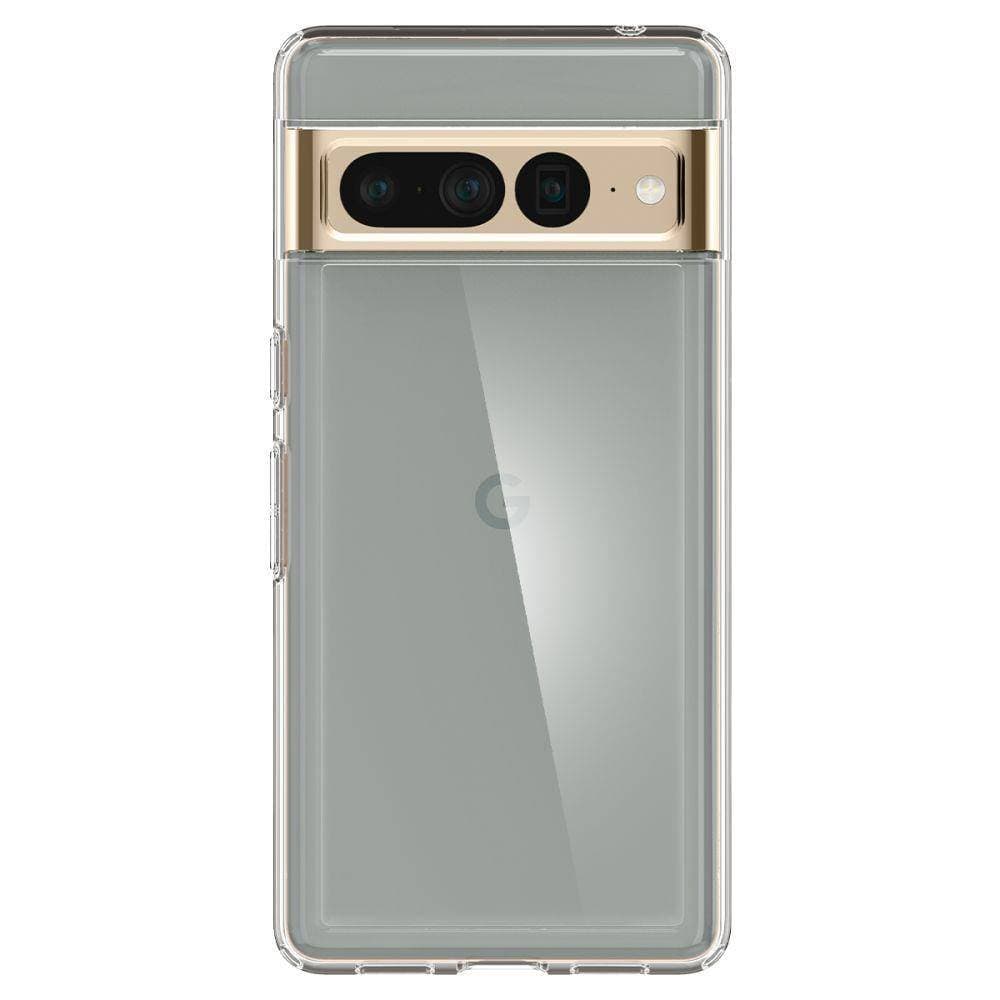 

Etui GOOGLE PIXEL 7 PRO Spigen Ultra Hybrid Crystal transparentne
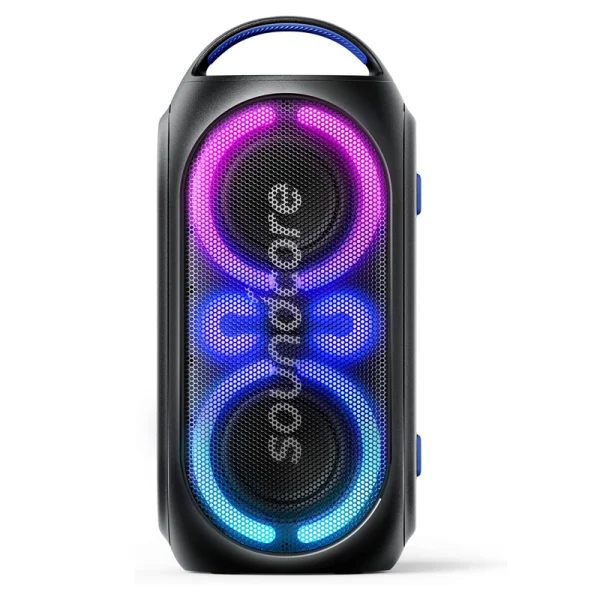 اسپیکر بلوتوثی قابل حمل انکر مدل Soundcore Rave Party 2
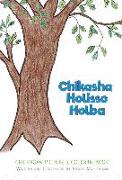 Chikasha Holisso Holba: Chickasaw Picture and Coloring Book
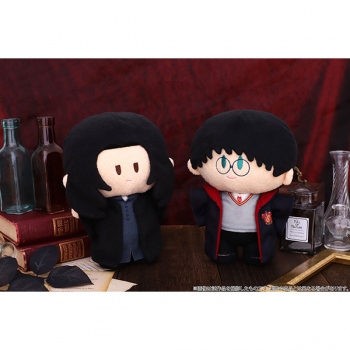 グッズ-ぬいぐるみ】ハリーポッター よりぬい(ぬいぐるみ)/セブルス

————

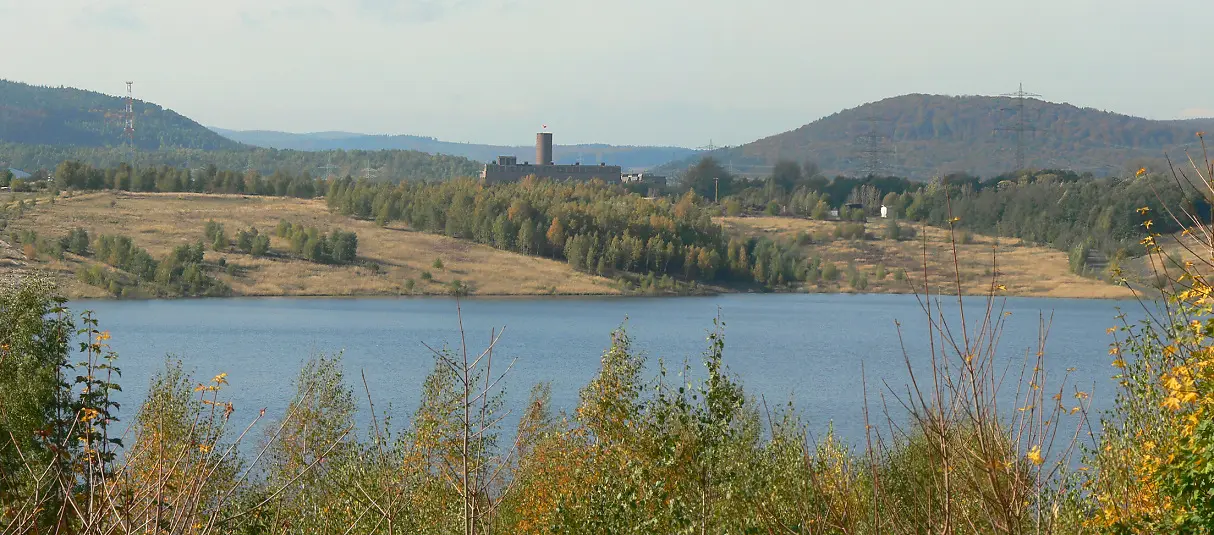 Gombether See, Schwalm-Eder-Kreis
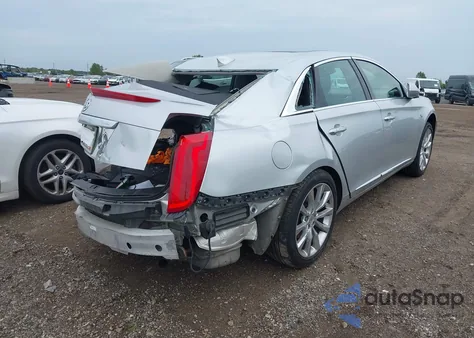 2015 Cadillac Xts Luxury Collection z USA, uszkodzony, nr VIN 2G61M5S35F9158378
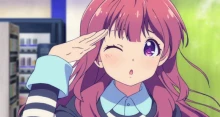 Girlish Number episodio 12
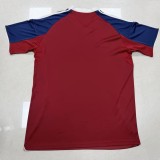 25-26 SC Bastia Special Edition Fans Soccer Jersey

————

• [What you have to do]: For the data above, set down exactly the lines from the line with "اسپیکر بلوتوثی قابل" to the line with "グッズ-ぬいぐるみ】ハリーポッター よりぬい(ぬいぐるみ)/セブルス", both included, leaving pictures out.

• [Response to this exercise]:
 اسپیکر بلوتوثی قابل حمل انکر مدل Soundcore Rave Party 2
 Chikasha Holisso Holba: Chickasaw Picture and Coloring Book
 グッズ-ぬいぐるみ】ハリーポッター よりぬい(ぬいぐるみ)/セブルス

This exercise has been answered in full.